Taylor-O’Connor: She is. She’s this little hypochondriac, I mean, but it makes sense. Yeah, her sister died of cancer, but also it’s like who would Ellie be if she didn’t have these words? Can you just imagine if she had all these thoughts in her head and she couldn’t say them? They’re all like this, they’re all really smart.

I’ve seen you read your birds pictures books. What other media do they access?

Taylor-O’Connor: They do watch cartoons. One of the reasons I call myself mom is because I decided early on that we would put them in a cultured kind of setting where they could relate to the children and mothers and grandmothers and sisters and all the media that can exist. They love “Curious George,” “Cloud Babies,” “Little Kingdom,” “Peppa Pig.” If they haven’t watched cartoons in a couple days, they’ll let you know they need their cartoons.
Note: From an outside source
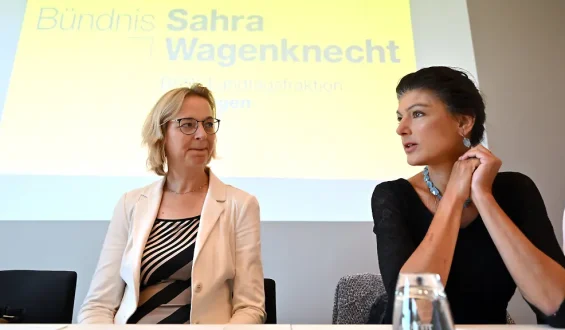Streit im BSW: Sonderparteitag soll über weitere Regierungsbeteiligung in Thüringen entscheiden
So they have been exposed to this idea of story. And then I also did teach the story arc, right? So you there’s a character and another character, and then there’s a character conflict, and the character feelings about the conflict, and then something happens, and there’s resolution. So they’ve learned this kind of story arc generally as  a direct association. So I think they’re trying to use it. “And then, and then,” oh my god, they’ll be telling you a story, and you’re like, “And then what happened?” all the time.
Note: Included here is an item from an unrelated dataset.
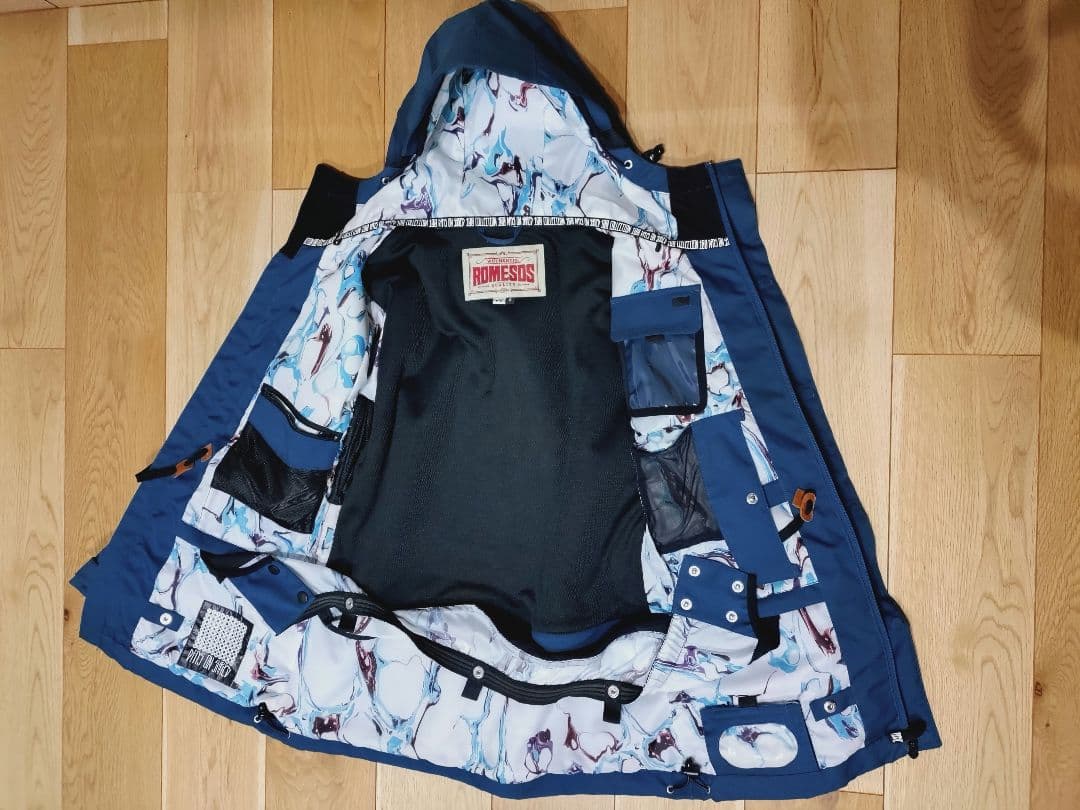 ローム　Rome SDS ネイビー スノーボードウェア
A white bird leans into a pop-up picture book featuring a toy purple dinosaur while human mom watches

I was happy to see a discussion of Animal Kindergarten. What is the status of that?

Taylor-O’Connor: We had an inter-species workshop for a couple years, which is amazing, and they learned a lot of information. Right now, I have fish and cats that I’m working with. We’re teaching them on their speech board to talk. Oh my god, they’re so funny and cute and sweet. They are a little bit like Ellie. I have a Blossom, and she likes the hard things, whatever she’s working on that’s hard, she’ll go to it, and she wants to practice it and do it together. So I guess the status is that hopefully in the future, we’re going to have this available across the board, for many animals, but I like for science to lead us.

If people were looking to get one of their learners started, what do you recommend? Do they need to get an AAC device? Do they need to get what sort of setup?

Taylor-O’Connor: We have PK, Parrot Kindergarten, and you can join with any animal, and they will coach you. Whatever animal you have, we have many modalities. So the cats learned “yes” “no” really easily with little cards. The fish learned “yes,” “no,” really easily with little cards. So we have cards, we have AAC devices that are like technology-based. You can do preference training.

What is next for you?

Taylor-O’Connor: Ellie’s path is she’s teaching herself uppercase letters right now. She taught herself numbers. She realized the higher the number, the more treats you get. She’s very motivated to get that nine down. She got the eight down. I gave her a big plate of eight treats. And she was like, “Oh, this may be even too much for me. That’s a big bite!” Like, what does she do with story? What does she do with letters? What does she do with words? She’s starting to put her letters together and to express things. So she wrote J, U, P, E, L, L, the other day, and it’s just like, “Jump Ellie,” “think,” or  “Call dad. It seems like she’s writing.

Anything you want to add?

Taylor-O’Connor: The most important thing, I think, is doing this hand-in-hand with following the science. We have amazing collaborators. They love the girls. We’re really, careful about making sure the girls have a good experience, but knowing as like a checkpoint as you go like that, it’s lining up scientifically and lining up and lining up, I think is really valuable for animals to keep them safe, ensure their work is authentic.

Also, the filmmakers were incredible with Ellie. She loves them. She still calls them some of them are some of her best friends. So one of the most beautiful things about making this film is that it wasn’t some people who showed up and then were gone. They stayed, part of her journey and her life, and I’m so thankful. She loves them.

“Parrot Kindergarten” is in select theaters Nov. 3.